Undersound

Undersound

Moritz Fehr
08.04.2015 – 07.06.2015

Mit der Ausstellung Undersound von Moritz Fehr (*1981, lebt in Berlin) wird der 550 Jahre alte Kehrwiederturm zu einer akustischen und bildlichen Beobachtungsstation für Strom, seinen Fluss und seine konkret-materiellen Seiten. Fehr machte unter anderem Tonaufnahmen in einem Hildesheimer Umspannwerk. An diesem für die städtische Versorgung zentralen Ort wird Strom hörbar: Der Klang von 50 Hertz, also der Frequenz des Wechselstroms, erfüllt als durchdringendes Brummen den Raum. Strom bestimmt nahezu jeden Bereich privaten und öffentlichen Lebens, ist dabei allgegenwärtig, unauffällig und selbstverständlich. Der mit verschiedenen Mikrophonen aufgenommene Klang wird im Kehrwiederturm in eine physische Erfahrung des für menschliche Ohren meist nicht wahrnehmbaren Stromnetzes übersetzt, das die ganze Stadt beziehungsweise große Teile der Erde durchzieht. 

Eine Betrachtung der Wege, welche der Strom nimmt, führt von der heimischen Steckdose über Verteilerpunkte an der Straße bis zu Umspannwerken und von dort aus zu Überlandleitungen. Eine weitere Verfolgung des Netzes führt zu den verschiedenen Arten von Kraftwerken, Solarzellen oder Windrädern, von dort aus zu Kohle, Sonne und Wind und damit zur unauflösbaren Verknüpfung von Kultur und Natur. Angesichts einer Steckdose ist diese eher abstrakt, konkret jedoch wird sie bei Blicken in die von Strommasten und Windrädern durchzogene Landschaft oder auf Kupferminen, die den ehemals wichtigsten Rohstoff für die Herstellung von Kabeln lieferten (heute bestehen die meisten Kabel aus Aluminium). Als Teil der Auseinandersetzung mit einer nicht sicht- und hörbaren Infrastruktur produziert Moritz Fehr einen Film über eine stillgelegte Gold- und Kupfermine in den USA. Dieser Ort repräsentiert die Ursprungsorte, an denen die Rohstoffe für diese Infrastruktur mit großem Aufwand gewonnen werden. Der Film wird stereoskopisch, also mit 3D-Technik aufgenommen, der Sound so bearbeitet, dass eine räumliche Wirkung entsteht. Die hyperreale Darstellung von Landschaft mittels Raumbild und Raumton betont die Annahme, dass die Existenz einer unberührten Natur eine Fantasie ist: Mensch, Technik und Natur sind grundlegend und auf vielschichtige Arten und Weisen miteinander verwoben. Durch den gezielten Einsatz technischer Verstärkung und verschiedener Aufnahmeverfahren thematisieren Moritz Fehrs Arbeiten auch die radikale Erweiterung menschlicher Sinne durch Technologie – und damit die Perspektive, durch technische Vermittlung andere Zugänge zu einer nur scheinbar stillen Umwelt zu finden. 

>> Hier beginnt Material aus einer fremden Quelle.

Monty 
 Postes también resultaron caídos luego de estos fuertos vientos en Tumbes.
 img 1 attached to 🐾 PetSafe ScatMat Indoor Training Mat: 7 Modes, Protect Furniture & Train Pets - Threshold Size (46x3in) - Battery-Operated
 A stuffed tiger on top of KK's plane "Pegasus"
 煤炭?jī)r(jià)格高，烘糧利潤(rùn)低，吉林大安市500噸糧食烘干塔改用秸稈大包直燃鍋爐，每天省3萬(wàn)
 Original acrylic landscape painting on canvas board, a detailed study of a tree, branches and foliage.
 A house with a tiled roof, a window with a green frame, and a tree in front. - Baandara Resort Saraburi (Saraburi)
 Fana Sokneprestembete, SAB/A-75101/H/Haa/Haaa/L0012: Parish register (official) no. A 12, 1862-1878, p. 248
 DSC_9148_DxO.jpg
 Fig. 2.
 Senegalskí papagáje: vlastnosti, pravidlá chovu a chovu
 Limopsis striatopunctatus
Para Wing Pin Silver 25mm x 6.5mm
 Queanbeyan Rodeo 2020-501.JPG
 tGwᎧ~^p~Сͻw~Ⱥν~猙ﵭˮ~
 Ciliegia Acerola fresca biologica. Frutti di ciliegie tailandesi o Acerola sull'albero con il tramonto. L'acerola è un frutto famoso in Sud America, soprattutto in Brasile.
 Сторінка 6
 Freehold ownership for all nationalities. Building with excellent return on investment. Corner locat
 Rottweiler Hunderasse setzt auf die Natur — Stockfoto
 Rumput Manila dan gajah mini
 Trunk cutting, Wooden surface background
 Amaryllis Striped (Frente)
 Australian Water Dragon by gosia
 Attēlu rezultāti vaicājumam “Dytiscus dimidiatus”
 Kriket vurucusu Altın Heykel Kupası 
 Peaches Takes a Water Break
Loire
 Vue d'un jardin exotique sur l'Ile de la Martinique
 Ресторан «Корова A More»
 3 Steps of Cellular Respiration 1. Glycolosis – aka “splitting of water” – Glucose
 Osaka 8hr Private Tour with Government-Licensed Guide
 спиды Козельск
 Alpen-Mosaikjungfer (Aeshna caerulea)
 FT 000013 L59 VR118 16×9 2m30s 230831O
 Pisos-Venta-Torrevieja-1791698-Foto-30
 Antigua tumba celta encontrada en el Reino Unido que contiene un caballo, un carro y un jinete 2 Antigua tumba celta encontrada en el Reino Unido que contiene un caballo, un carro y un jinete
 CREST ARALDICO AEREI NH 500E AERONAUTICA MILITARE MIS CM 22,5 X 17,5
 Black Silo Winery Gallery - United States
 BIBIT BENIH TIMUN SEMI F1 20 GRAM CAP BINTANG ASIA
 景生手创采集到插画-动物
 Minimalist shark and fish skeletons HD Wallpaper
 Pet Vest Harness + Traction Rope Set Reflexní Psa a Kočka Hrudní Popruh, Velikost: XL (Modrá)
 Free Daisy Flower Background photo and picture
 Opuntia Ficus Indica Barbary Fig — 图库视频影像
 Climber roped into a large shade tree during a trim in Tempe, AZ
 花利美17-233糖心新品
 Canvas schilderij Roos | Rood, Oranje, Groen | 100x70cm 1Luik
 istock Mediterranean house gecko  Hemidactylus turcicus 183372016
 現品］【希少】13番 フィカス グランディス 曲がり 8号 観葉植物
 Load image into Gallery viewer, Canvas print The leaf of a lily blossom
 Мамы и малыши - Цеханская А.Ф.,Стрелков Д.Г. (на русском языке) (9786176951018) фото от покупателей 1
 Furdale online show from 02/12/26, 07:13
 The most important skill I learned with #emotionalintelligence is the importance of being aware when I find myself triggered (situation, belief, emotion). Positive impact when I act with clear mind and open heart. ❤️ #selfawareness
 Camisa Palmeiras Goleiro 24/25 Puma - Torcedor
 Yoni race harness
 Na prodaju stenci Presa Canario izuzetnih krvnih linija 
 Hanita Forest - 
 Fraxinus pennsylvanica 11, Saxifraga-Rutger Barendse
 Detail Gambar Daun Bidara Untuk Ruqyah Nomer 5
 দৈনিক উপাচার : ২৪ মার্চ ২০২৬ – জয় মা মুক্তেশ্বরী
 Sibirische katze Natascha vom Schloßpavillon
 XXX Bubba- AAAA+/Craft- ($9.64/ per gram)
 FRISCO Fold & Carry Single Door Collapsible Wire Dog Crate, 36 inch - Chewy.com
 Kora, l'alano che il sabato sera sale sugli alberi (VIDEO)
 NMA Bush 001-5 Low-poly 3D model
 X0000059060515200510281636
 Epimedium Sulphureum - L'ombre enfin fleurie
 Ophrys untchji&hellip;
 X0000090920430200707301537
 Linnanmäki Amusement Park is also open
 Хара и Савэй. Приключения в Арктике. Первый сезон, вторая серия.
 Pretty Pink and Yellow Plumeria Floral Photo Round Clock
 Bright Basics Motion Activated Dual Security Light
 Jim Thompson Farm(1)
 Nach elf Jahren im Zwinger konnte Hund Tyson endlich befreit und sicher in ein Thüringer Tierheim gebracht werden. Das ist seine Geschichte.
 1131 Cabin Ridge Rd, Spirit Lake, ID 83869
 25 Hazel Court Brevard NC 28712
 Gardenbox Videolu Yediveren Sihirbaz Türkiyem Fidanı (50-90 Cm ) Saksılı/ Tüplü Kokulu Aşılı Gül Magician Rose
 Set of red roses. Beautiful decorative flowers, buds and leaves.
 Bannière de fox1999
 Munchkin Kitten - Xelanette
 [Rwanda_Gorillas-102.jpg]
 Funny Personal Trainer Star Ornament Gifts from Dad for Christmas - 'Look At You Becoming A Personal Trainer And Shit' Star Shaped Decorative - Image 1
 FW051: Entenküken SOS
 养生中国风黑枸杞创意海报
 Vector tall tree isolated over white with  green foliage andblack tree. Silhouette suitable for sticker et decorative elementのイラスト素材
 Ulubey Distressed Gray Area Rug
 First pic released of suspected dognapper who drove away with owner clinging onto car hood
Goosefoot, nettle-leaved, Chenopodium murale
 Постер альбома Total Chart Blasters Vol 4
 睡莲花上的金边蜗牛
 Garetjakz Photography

Moritz Fehr (*1981, lebt in Berlin) arbeitet in den Bereichen der Sound Art und des Experimentalfilms. Fehrs Arbeiten wurden u.a. in folgenden Institutionen gezeigt: Arko Art Center (Seoul), The Museum of Jurassic Technology (Los Angeles), European Media Arts Festival (Osnabrück), After the Butcher (Berlin), Ethnologisches Museum (Berlin) und Kunstsaele (Berlin). Zwei seiner Soundinstallationen sind permanent im Jerusalem Panorama (Altötting) und Velaslavasay Panorama (Los Angeles) installiert. 

Kuratiert von Kathrin Meyer in Zusammenarbeit mit Nora Brünger, Nada Schroer, Cara Schröder und Francisco Vogel.